Football in Mandatory Palestine
- Season: 1920–21

= 1920–21 in Mandatory Palestine football =

The following article is a summary of the 1920–21 football in Mandatory Palestine. As the local football association wasn't founded until July 1928, there were no officially organized competitions during the season.

== Overview ==
Following its occupation by British troops in 1917–1918, Palestine was governed by the Occupied Enemy Territory Administration. In July 1920, the military administration was replaced by a civilian administration headed by a High Commissioner, allowing civil life to resume following the aftermath of The Great War. Maccabi societies resumed activities in several cities and settlements, including Jerusalem, Tel Aviv, Petah Tikva and Hadera. In Jerusalem, the Jerusalem Sports Club was established by the British in April 1921.

== Known matches ==
As no governing body existed at the time, and with limited possibilities for travel, the football sections of the Jerusalem and Tel Aviv societies played matches, mostly against teams of British soldiers stationed in the vicinity, played mostly between January and March 1921. Following the Jaffa riots in May 1921, footballing activity stopped, except for one match, played on 25 May 1921.

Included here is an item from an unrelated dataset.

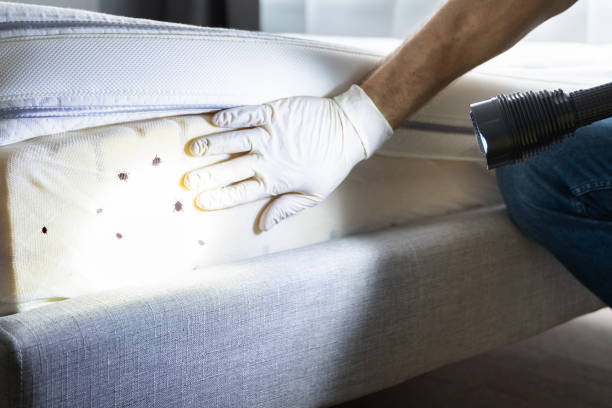 Best Flea Control Services  in Kendall Park, NJ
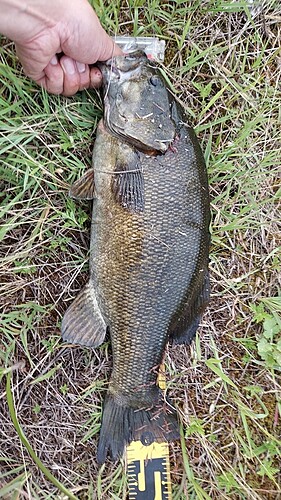 スモールマウスバスの釣果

| Date | Venue | Home | Away | Result | Notes |
|---|---|---|---|---|---|
| 25 September 1920 | Ratisbonne Ground | Maccabi Jerusalem | Yorkshire Regiment | 0–0 |  |
| 20 November 1920 | Ratisbonne Ground | Maccabi Jerusalem | Red Cross | 0–2 |  |
| 21 January 1921 | Badrani Field | Maccabi Tel Aviv | Cavalry regiment, Sarona | 3–0 |  |
| 28 January 1921 | Sarona Ground | Cavalry regiment, Sarona | Maccabi Tel Aviv | 1–2 |  |
| 4 February 1921 | Ajami Sports Ground | Christian-Muslim Club | Maccabi Tel Aviv | 0–5 |  |
| 5 February 1921 | Ratisbonne Ground | Maccabi Jerusalem | Lancashire Reginment | 2–1 | Goals for Maccabi: Itzhak Melamed, Peretz Kornfeld |
| 12 February 1921 | Ratisbonne Ground | Maccabi Jerusalem | Lancashire Reginment | 4–6 | First goal for Maccabi: Itzhak Melamed |
| 12 March 1921 | Sarona Ground | British Army Officers | Maccabi Tel Aviv | n/a | The result wasn't given, Maccabi Tel Aviv won. |
| 16 April 1921 | Ratisbonne Ground | Maccabi Jerusalem | Maccabi Tel Aviv | 0–4 |  |
| 25 May 1921 | Badrani Field | Maccabi Tel Aviv | Iron Duke XI | n/a | The result wasn't given, Iron Duke won. |

== Notable events ==
- During a youth football match between students from Mikveh Israel and Hebrew Gymnasium, a student from Kfar Tavor, learning in Mikveh Israel, sustained a fatal blow to the chest and died before help arrived.
- On 5 May 1921, during the 1921 Jaffa riots, Maccabi Petah Tikva member Avshalom Gissin was killed by Arab assailants as he was defending Petah Tikva. The club was renamed after Gissin, adopting the name Maccabi Avshalom Petah Tikva.